A. General FAQs
Easy! Make sure you have an engineering account - you can create one here and click on "Create a new account (Enable your Engineering resources)". Then activate your HPC account by clicking on the "High Performance Computing" button on the right hand side under "Account Tools". Your account should be ready shortly. If not, or if you have trouble with your account, try opening a ticket through the COEIT support portal. Please provide your ONID, department, and advisor, and you will be assigned to the appropriate Slurm account.
You can request assistance on HPC related issues by opening a ticket through the COEIT support portal.
Please put "HPC" as part of the subject line to alert COEIT that this issue involves the HPC cluster, this will facilitate that the ticket is properly routed and will improve response time.
In order to access hosts on the CoE HPC cluster, you must ssh to one of the submit nodes (submit-a, b, c) and then use Slurm to request resources from these nodes. Once you have reserved resources in Slurm, you can ssh to that node. For more information on using Slurm, check out this link.

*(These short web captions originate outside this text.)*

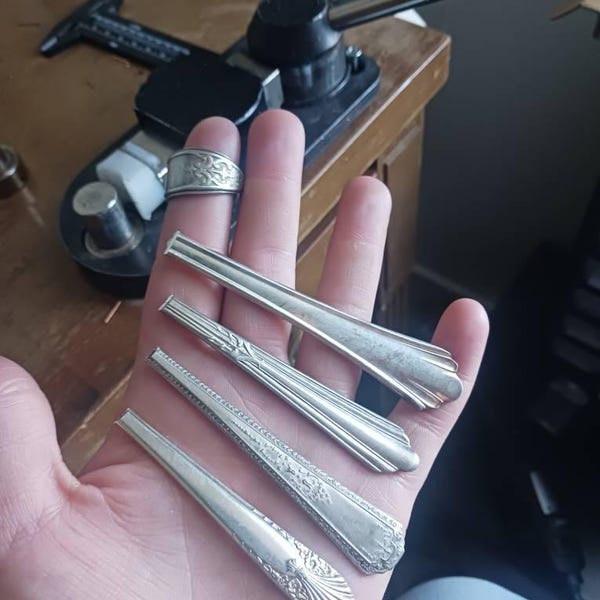 Silver Spoon Handles for Spoon Rings Silverware Spoon Ends Crafting ...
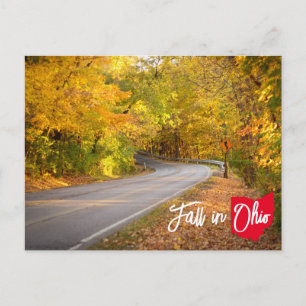 Carte Postale Scène d'automne dans l'Ohio, route sinueuse et feu
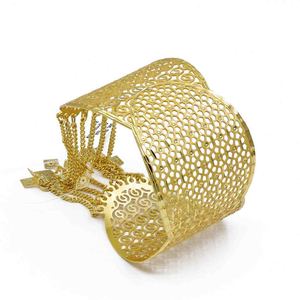 Pulseras de brazalete ajustables de filigrana chapadas en oro de 14K, 18K, 24K para mujer, diseño tradicional Kada, venta al por mayor - Product Image 2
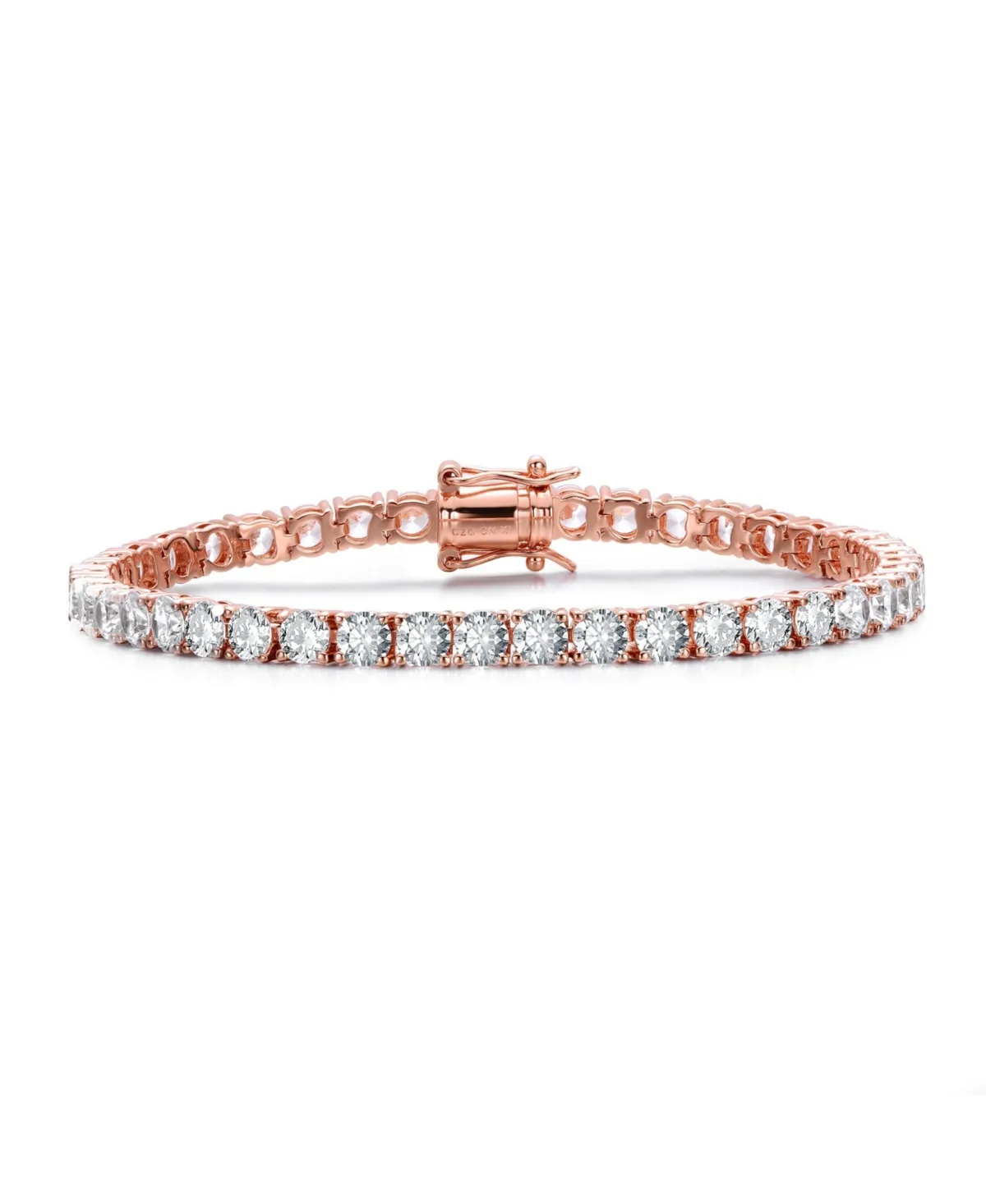 Cubic Zirconia 4MM Magnetic Lock Tennis Bracelet by Rachel Glauber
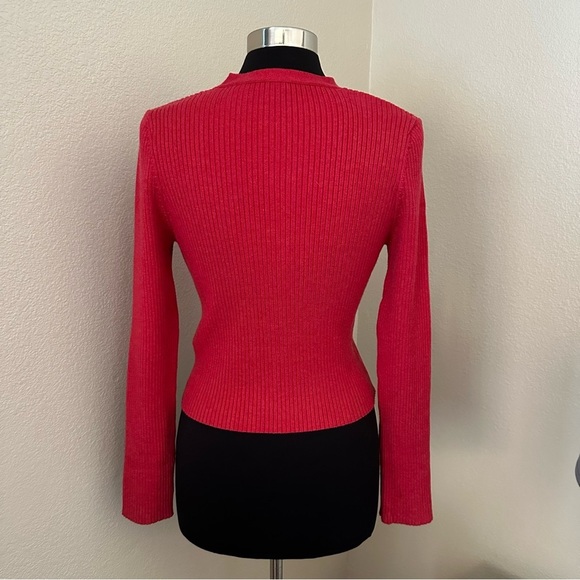 By Anthropologie V-Neck Strappy Ribbed Buttons Up Red Crop Cardigan Sweater Sz M - Picture 9 of 13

The pattern of names starting with dgx* (eg. dgx2-2) and cn* (e.g. cn-gpu5) are shortened internal cluster names that can be used within the cluster (e.g. the submit nodes) but are currently not resolvable outside the cluster. The corresponding external names begin with "compute-" and is that way for historical reasons. For internal names starting with "dgx", just add "compute-" to the name, e.g. for dgx2-2 you should use "compute-dgx2-2". For names beginning with "cn", replace cn with "compute", e.g. for cn-gpu5 you should use "compute-gpu5". Be advised that ssh access is not allowed until resources have already been reserved using Slurm.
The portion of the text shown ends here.